Rule #3 – It's Not About Your Product
(from 42 Rules to Increase Sales Effectiveness)
The products sold in the marketplace, whether to businesses or consumers, are broad in scope, complexity and value. As salespeople we are selling commercial and consumer products both domestically and globally, including financial products, real estate, home and personal products, hardware and software solutions, consulting and professional services, to individuals and businesses large and small and ranging from tens to thousands to many millions of dollars in value. In our selling jobs, the products we sell are great, cool, fun, helpful, worthy, comprehensive, leading-edge, powerful and awesome. We spend many hours getting trained on them, learning their features and benefits and being able to articulate use-cases and even demonstrate them ourselves.
It’s very easy to become focused on the value of our products.
While we’ve learned in Rule 2 that “It’s not about you,” I can tell you with assurance that to be effective in sales, it’s also not about your products. You might be saying, “But my product really is helpful for businesses and streamlines operations while cutting costs, and it comes in blue.” This may all be true, but it’s really beside the point. This is one of the toughest lessons for us salespeople to learn.
Certainly we need to know and understand our products and services, as well as articulate the benefits and value they bring to our prospects and customers. But as we will discuss further in Rule 4, our customers have far deeper concerns that are either on the surface clear for all to see, or hidden or even stuffed beneath layers of covering.

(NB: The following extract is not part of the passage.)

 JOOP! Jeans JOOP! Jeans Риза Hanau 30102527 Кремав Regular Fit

Of course our products may help and come to the rescue, fixing issues of which our customers were perhaps not fully aware. Again, while not irrelevant, they are only props within a scene in a bigger play. Until we recognize that, we will consistently fall into a trap of focusing our conversations too much on our great products and services, to the detriment of fully providing problem-solving solutions to our customers.

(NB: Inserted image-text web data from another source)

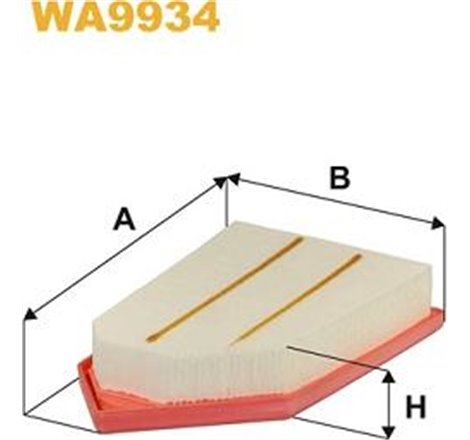 Filtru aer FORD FIESTA VII. PUMA 1.0-1.0ALK-1.0H 05.17- - Meyle-7123210023
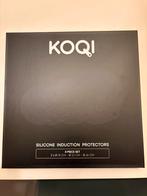 KOQI Silicone Induction Protectors - 4 stuks nieuw in doos, Ophalen of Verzenden, Zo goed als nieuw, Rvs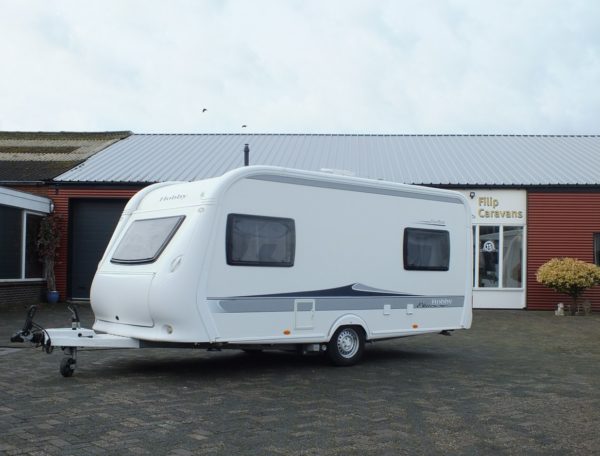HOBBY Excellent 455 UF bj.2013, VAN EERSTE EIGENAAR, MOVER - Afbeelding 2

Indeed, for many reps today, the strong tendency is to speak about their products too much and too soon.
Jerry, one of the better producing reps on an enterprise sales team, was technically adept and knowledgeable. He prided himself in quickly closing business and moving on to new opportunities. His numbers bore this out. He was one of the top reps in transaction quantity, if not in average deal size. In listening and following Jerry on sales calls, it was clear that Jerry knew his products well and got to them as subject matter quickly in his sales calls and conversations. The customers didn’t mind because the product was one that when demonstrated rated a high “wow factor” – that is, it quickly impressed and interested customers. Jerry was adept at following up with price quotes and moving the deal to closure.
This is all well and good except when one considers the opportunity lost in his hurry to close business and move on. When Jerry was taught to restrain from discussing and demonstrating the product too soon and spend appropriate time (note, not necessarily too much time, mind you, in his environment) exploring the application of his product to other departmental seats and broader implementation within the IT environment, he increased his average deal size by almost 25%.
Likewise, with those selling less complicated products, while our products are great, our focus still needs to be on the simple use or application of our product. The point is that the product is not the focus, rather it is the application of the product as it addresses the issues, needs and problems of the customer.
Do you speak about your products too much and too soon?